Todos, alguna vez en la vida, somos jóvenes. Todos, también, tenemos la oportunidad de ser niños. El caso de Julián no fue la excepción. Él estudiaba la primaria y tenía a sus dos mejores amigos, Marcos y Daniel; tenía algunas actividades por la tarde y normalmente hacía la tarea. Era un niño promedio, pero había algo en él que lo distinguía de los demás niños, su entusiasmo por ser mejor.

Julián jugaba tochito con sus compañeros de la escuela. Tochito es una especie de fútbol americano en el cual se sustituye la fuerza física por unas banderolas que se cuelgan en las caderas, al remover la banderola es como si la persona hubiese sido tacleada.

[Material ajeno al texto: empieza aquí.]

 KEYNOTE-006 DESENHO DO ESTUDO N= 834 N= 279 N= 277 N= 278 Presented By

Dos veces a la semana el equipo se quedaba a entrenar después de clases. Julián era receptor (las posiciones en tochito no son tan elaboradas). Parte del entrenamiento consistía en que el quarterback lanzara pases a cada uno de los miembros del equipo. En esta situación –por supuesto en los juegos también, era cuando se notaban las ganas de Julián por ser mejor de lo que había sido el día anterior.

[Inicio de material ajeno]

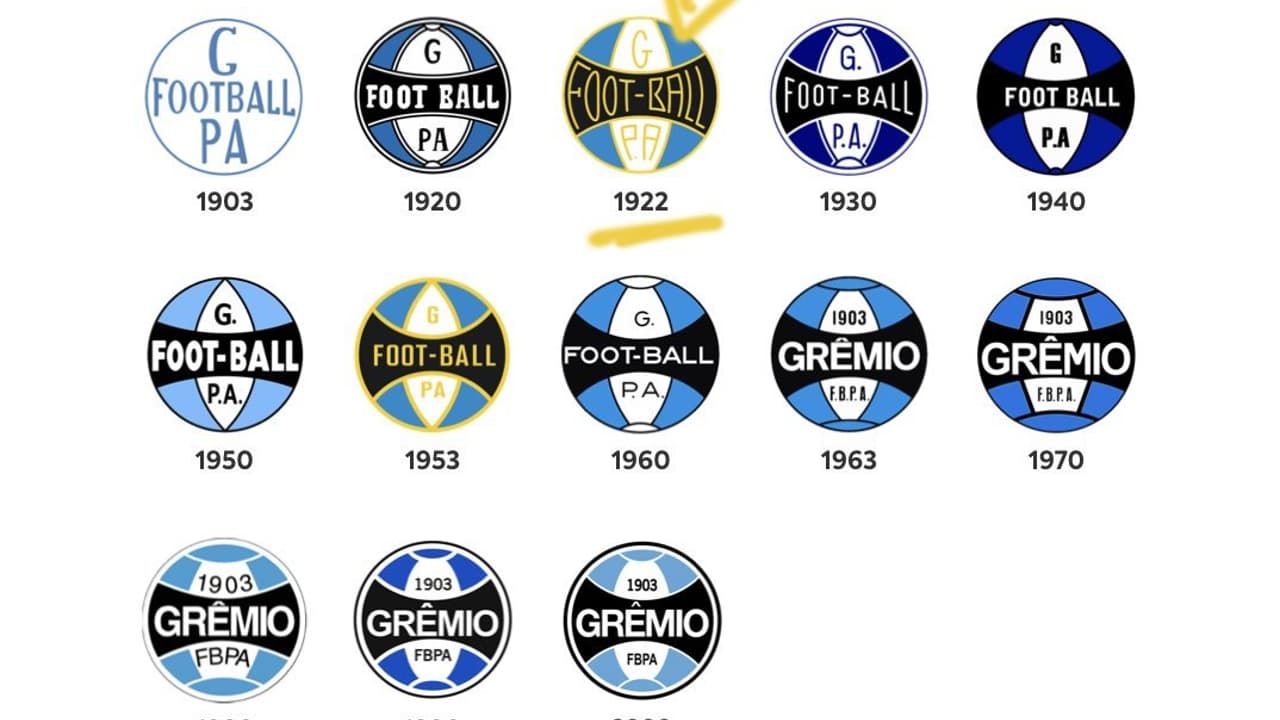 Origem e história do escudo do Grêmio: símbolo emblemático do futebol brasileiro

No dejaba que ni un solo pase se le escapara de las manos. Corría, se estiraba, brincaba y hasta marometas daba para atrapar el ovoide. Eso lo tenía muy contento, porque aunque no fuera el mejor jugador del equipo, él sentía que al dar su mayor esfuerzo mejoraba un poco cada día.

Aconteció que el niño se convirtió en joven. Al tomar una de las decisiones más difíciles de su vida, Julián optó por estudiar economía. Sin embargo, una de sus clases era de redacción y aunque no le interesara en lo más mínimo, era obligatoria.

El profesor de redacción notó algo curioso del grupo. Casi nadie sabía las reglas de acentuación. Son muy sencillas, les decía. Pero los alumnos, inclusive Julián, se negaban a aprenderlas. Algunos argumentaban que nunca habían sido buenos para eso, a otros muchos les daba flojera y el joven estudiante pensaba que todo era una pérdida de tiempo.

Así pasó todo el semestre, el maestro alentó a los alumnos para que aprendieran las (no muy complicadas) reglas de acentuación y los jóvenes, en su mayoría, se negaron a hacerlo. Julián fue uno de los que no lo hizo.

Julián seguía siendo tan ambcioso como de pequeño, pero sin notarlo, le estaba dando la espalda a sus ideales. ¿Cómo se puede dar lo mejor de uno mismo si se niega a aprender algo? Además, en este caso, algo sencillo que rápidamente se puede dominar.

Con este relato no procuro que la gente quiera aprender las reglas de acentuación. Eso ya lo traté en otra nota. No, lo que intento es hacer notar lo incongruentes que podemos llegar a ser con nosotros mismos.

Los niños tienen una facilidad enorme para adaptarse a las circunstancias y cambiar con su entrono. Esa habilidad eventualmente se pierde, o al menos, parece que se pierde. Pero la cosa es que esa habilidad se puede recuperar muy fácilmente. El chiste es estar en constante movimiento y jamás dejar de querer aprender cosas y eventualmente aprenderlas, por supuesto. Decirle ‘no’ a situaciones retadoras solamente nos echa para atrás.

Hay que ser como niños en ese sentido. Debemos ver el mundo con los ojos llenos de curiosidad y hacer lo que podamos para tratar de cachar el balón. Y tal vez no seamos los mejores en lo que hacemos, pero si nos damos cuenta que la competencia real es con nosotros mismos y que el chiste no es ser mejor que el otro (eso vendrá orgánicamente), sino mejor que nosotros mismos; es entonces cuando las incongruencias se disuelven y se puede vivir tranquilamente sabiendo que se está dando el 100% en lo que se hace.

Al final, Julián nunca se dio cuenta de la incongruencia que cometía. Y aunque se convirtió en un existoso banquero, jamás en su vida estuvo cerca de ganar el Premio Nobel de literatura.